Google Play Store
App Store

Cumhur İttifakı’nın siyasi iktidarı cemaat-tarikat-Hizbullah ile bağlantılı bir partiyle paylaşma fikri bile son derece tehlikeli ve laik, sosyal hukuk devletine açıktan karşı duruş sergilemek demek.

Varlık ve yokluk arasında
Fotoğraf: DepoPhotos

Konca Kuriş, Emine Bulut, Değer Deniz, Lütfiye Bakaçhan, Ceren Damar, Hande Kader, Gisela Uysal, Mehtap Bülbül, Çağla Joker, Muhterem Evcil, Özgecan Aslan, Arzu Odabaşı, Münevver Karabulut, Helin Palandöken, Esin Işık, Yeliz Gültaş, Ayşe Yılbaş, Deniz Aktaş, Fatma Şengül, Müzeyyen Boylu, Güldünya Tören, Leyla Seyidova, Pippa Bacca, Berivan Uslu, Dagmara Veronica Erol, Şura Asena Altıntaş, Pınar Gültekin, Ceren Özdemir, Mediha Altan ve erkek şiddeti sonucu hayatlarından olan milyonlarca kadının anılarına saygı ile...


Seçim yaklaşıyor. Taban desteği ve sahadaki mobilizasyon için ittifaklara ihtiyaç duyduğu aşikâr olan Cumhur İttifakının Yeniden Refah Partisi (YRP) ile ittifak görüşmelerinden haberdar olduk. Yeniden Refah Partisi’nin geçtiğimiz hafta Cumhurbaşkanlığı seçiminde Erdoğan'ı destekleme kararı karşılığında birtakım şartlar öne sürdüğünü okuduk.

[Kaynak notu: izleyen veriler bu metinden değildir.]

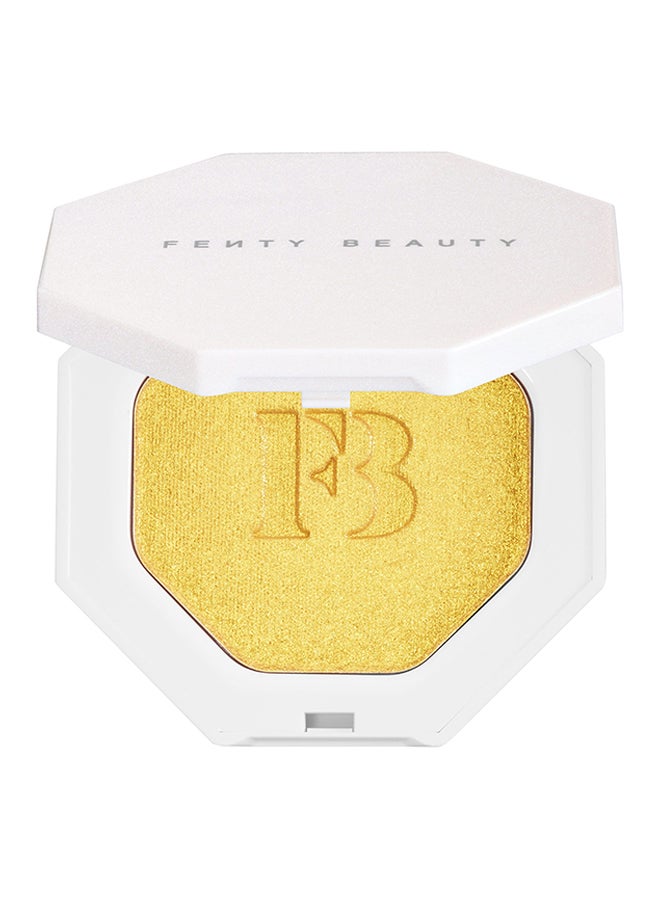 FENTY BEAUTY - Killawatt Freestyle Highlighter Trophy Wife - Image 1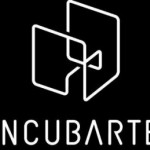 Incubarte 2013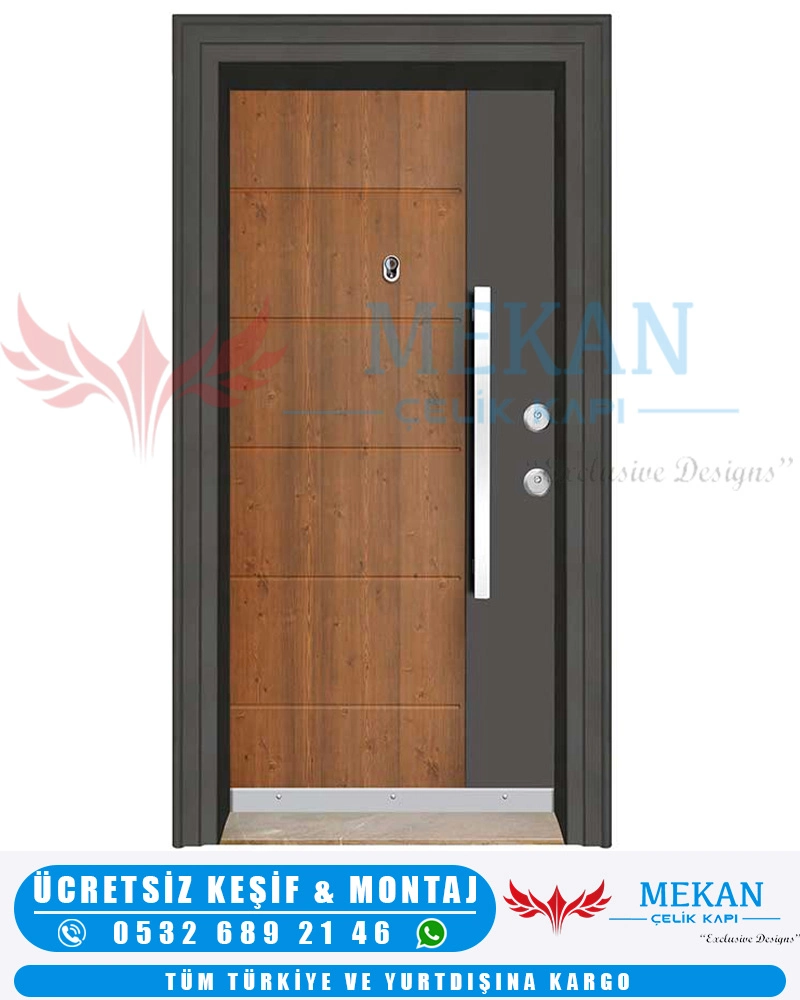 çelik kapı ,çelik kapı fiyatları ,celik kapi ,çelik kapı modelleri ,çelik kapı katalog ,çelik kapı fiyatları izmir ,çelik kapı fiyatları istanbul ,çelik kapı fiyatları 2021 ,kapı çeşitleri ,kapı çeşitleri ve isimleri ,kapı çeşitleri ve özellikleri ,kapı çeşitleri ve fiyatları ,kapı çelik fiyat ,kapı çelik imalatçıları ,kapı çelik kapı ,çelik kapı antalya ,çelik kapı adana ,çelik kapı ankara ,celik kapi almanya ,çelik kapı beylikdüzü ,çelik kapı bursa ,celik kapi modelleri ,celik kapilar ,celik kapi door ,çelik kapı beyaz ,celik kapi bursa ,çelik kapı camlı ,çelik kapı cimri ,celik kapi cesitleri ,çelik kapı detayı ,çelik kapı denizli ,çelik kapı dış mekan ,çelik kapı erdemli ,çelik kapı eskişehir fiyatları ,celik kapi fiyatlari ,çelik kapı eskişehir ,çelik kapı en ucuz ,çelik kapı fiyatları bursa ,çelik kapı fiyatları konya ,çelik kapı gaziantep ,çelik kapı hatay ,çelik kapı izmir ,çelik kapı imalatı ,çelik kapı silivri ,çelik kapı imalatçıları ,çelik kapı istanbul ,çelik kapı kayseri ,çelik kapı kadıköy ,çelik kapı kampanya ,junodoor çelik kapı ,juno çelik kapı ,çelik kapı lüks ,çelik kapı modelleri ve fiyatları ,çelik kapı modelleri 2021 ,çelik kapı markaları ,çelik kapı ne kadar ,çelik kapı ostim ,çelik kapı pazarı ,kapı çelik ,çelik kapı sistemleri ,çelik kapı tavsiye ,çelik kapı trabzon ,çelik kapı ustası ,çelik kapı villa ,çelik kapı ve fiyatları ,çelik kapı zeytinburnu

Bu şartlar; LGBT derneklerinin kapatılması, 6284 sayılı kanunun (Ailenin Korunması ve Kadına Karşı Şiddetin Önlenmesine Dair Kanun) yürürlükten kaldırılması, nafakanın kalkması, ahlak ve maneviyat öncelikli eğitim sisteminin getirilmesi. YRP’nin talepleri özetle; kadınların, çocukların, LGBTİ+ların, erkek şiddetine maruz kalanların, her türlü yasal haklarından mahrum kalmaları, erkek şiddeti karşısında korumasız bırakılmaları…

YRP gibi Anayasaya aykırı taleplerini öne süren diğer bir parti de, yine Cumhurbaşkanlığı seçiminde Erdoğan'ı destekleme kararı aldığını açıklayan Hüda Par. Hüda Par ise Anayasa’nın ilk dört maddesini değiştirmek, federal devlet kurmak veya eyalet sistemini değiştirmek, laikliği ortadan kaldırmak istediğine dair taleplerini açıkladı.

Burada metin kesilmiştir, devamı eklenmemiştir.